Now that the thermal pollution from Hungry Horse Dam can be mitigated, a primary manageable threat to watershed health is dam operation (Hall et al. 1989). Power and flood control operations have essentially reversed the natural hydrograph by storing the spring melt in the reservoir, and then releasing water for power production during the cold months when natural flows are normally low. Short term flow fluctuations caused by power operations create an extensive, low productivity varial zone, greater substrate imbeddedness and species shifts in the aquatic insect community which has become less diverse and less productive (Perry 1984; Hauer et al. 1994). River flows and flow fluctuations also cause important changes in habitat availability and fish movements (Cushman 1985; Dalbey et al. 1997). A combination of man-caused factors resulted in the decline in native gamefish species (mountain whitefish, westslope cutthroat and bull trout) and a significant increase in abundance of non-game native species, the Columbia River chub or peamouth, northern squawfish and introduced rainbow trout and northern pike.

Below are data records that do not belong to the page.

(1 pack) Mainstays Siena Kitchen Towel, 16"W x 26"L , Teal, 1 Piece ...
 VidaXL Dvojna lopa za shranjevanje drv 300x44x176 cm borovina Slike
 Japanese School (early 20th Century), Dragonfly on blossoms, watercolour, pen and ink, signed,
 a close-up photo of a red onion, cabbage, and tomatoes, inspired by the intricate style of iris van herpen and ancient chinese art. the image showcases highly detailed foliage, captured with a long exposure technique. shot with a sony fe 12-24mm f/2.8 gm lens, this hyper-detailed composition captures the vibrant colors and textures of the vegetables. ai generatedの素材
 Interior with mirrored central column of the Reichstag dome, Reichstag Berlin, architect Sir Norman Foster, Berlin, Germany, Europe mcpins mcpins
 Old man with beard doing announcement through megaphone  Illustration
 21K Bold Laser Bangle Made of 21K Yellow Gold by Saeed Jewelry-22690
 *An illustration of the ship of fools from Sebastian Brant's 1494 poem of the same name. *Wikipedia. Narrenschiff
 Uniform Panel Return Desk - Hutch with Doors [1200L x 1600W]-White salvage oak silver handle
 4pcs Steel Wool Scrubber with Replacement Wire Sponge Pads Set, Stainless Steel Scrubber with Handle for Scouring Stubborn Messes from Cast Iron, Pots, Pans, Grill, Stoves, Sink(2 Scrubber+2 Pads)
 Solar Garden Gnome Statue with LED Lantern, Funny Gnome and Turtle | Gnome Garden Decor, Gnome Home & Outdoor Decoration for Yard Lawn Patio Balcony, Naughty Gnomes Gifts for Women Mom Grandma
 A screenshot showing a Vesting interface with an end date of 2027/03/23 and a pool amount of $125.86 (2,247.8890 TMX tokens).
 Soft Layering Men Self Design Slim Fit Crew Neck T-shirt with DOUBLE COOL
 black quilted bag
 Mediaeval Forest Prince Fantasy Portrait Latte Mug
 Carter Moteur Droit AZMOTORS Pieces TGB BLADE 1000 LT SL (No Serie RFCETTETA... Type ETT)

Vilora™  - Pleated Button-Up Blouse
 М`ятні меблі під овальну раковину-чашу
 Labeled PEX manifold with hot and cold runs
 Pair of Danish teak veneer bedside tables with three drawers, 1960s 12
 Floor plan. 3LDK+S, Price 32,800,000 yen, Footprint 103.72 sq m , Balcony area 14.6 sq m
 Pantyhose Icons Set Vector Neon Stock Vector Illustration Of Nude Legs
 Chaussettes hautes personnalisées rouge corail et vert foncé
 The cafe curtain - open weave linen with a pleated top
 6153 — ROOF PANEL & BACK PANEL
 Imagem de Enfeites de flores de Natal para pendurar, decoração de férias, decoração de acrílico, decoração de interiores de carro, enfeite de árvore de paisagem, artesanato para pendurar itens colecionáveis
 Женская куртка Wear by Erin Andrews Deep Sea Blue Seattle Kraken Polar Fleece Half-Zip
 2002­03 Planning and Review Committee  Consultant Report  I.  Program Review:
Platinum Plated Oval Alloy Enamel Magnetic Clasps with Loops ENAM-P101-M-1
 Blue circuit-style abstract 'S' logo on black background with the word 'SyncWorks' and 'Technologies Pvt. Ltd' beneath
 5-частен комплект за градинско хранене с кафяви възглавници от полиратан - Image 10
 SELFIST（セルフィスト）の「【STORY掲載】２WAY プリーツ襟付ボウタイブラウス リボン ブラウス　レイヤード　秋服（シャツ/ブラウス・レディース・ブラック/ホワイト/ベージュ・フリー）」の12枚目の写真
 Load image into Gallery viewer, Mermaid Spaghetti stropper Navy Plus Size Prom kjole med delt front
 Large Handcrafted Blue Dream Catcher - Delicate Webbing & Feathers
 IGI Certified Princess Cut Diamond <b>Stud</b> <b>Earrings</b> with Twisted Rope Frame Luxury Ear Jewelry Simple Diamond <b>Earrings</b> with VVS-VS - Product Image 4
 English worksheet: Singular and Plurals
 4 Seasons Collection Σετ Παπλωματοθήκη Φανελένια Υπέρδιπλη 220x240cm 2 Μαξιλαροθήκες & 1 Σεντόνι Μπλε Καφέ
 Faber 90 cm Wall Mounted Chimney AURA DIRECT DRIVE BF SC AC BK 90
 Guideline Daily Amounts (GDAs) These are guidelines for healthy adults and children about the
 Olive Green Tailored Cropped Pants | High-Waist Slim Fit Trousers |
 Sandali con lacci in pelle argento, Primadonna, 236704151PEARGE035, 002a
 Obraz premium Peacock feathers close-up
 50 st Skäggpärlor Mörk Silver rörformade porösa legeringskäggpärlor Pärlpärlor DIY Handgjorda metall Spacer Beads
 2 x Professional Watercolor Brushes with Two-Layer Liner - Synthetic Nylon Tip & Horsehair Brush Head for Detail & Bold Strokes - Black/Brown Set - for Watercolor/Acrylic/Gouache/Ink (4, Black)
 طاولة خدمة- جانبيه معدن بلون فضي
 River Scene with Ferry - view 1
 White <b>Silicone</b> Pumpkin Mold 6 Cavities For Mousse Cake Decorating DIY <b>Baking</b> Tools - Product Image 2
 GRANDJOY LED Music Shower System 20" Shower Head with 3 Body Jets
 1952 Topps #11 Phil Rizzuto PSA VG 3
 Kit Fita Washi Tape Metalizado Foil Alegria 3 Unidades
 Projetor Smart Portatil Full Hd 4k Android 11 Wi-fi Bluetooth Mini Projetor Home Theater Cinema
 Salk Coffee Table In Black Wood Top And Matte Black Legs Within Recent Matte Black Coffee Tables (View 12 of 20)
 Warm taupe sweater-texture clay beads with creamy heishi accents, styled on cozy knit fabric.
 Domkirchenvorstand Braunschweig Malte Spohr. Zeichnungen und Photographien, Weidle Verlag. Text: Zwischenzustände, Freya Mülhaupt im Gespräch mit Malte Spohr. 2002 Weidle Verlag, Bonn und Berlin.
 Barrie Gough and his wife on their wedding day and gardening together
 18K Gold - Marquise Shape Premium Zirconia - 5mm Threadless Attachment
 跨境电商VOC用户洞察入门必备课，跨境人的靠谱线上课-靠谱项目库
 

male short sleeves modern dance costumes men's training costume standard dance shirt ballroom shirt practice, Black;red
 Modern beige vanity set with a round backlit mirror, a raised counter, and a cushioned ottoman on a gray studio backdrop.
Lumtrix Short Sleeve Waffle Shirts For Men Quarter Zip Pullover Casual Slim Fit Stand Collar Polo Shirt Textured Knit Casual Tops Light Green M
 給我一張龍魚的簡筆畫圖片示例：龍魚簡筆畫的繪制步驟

Pursuant to measure 10.3A.18 of the Northwest Power Planning Council’s Fish and Wildlife Program (FWP) (NPPC 1995), this project will use a modified form of the Instream Flow Incremental Methodology (IFIM) to examine the mechanisms by which dam operation effects the riverine biotic community and their environment, and propose operational guidelines to mitigate negative effects (Fraley et al. 1989; Montana Fish Wildlife and Parks (MFWP) and Confederated Salish Kootenai Tribe (CSKT) 1991, 1993).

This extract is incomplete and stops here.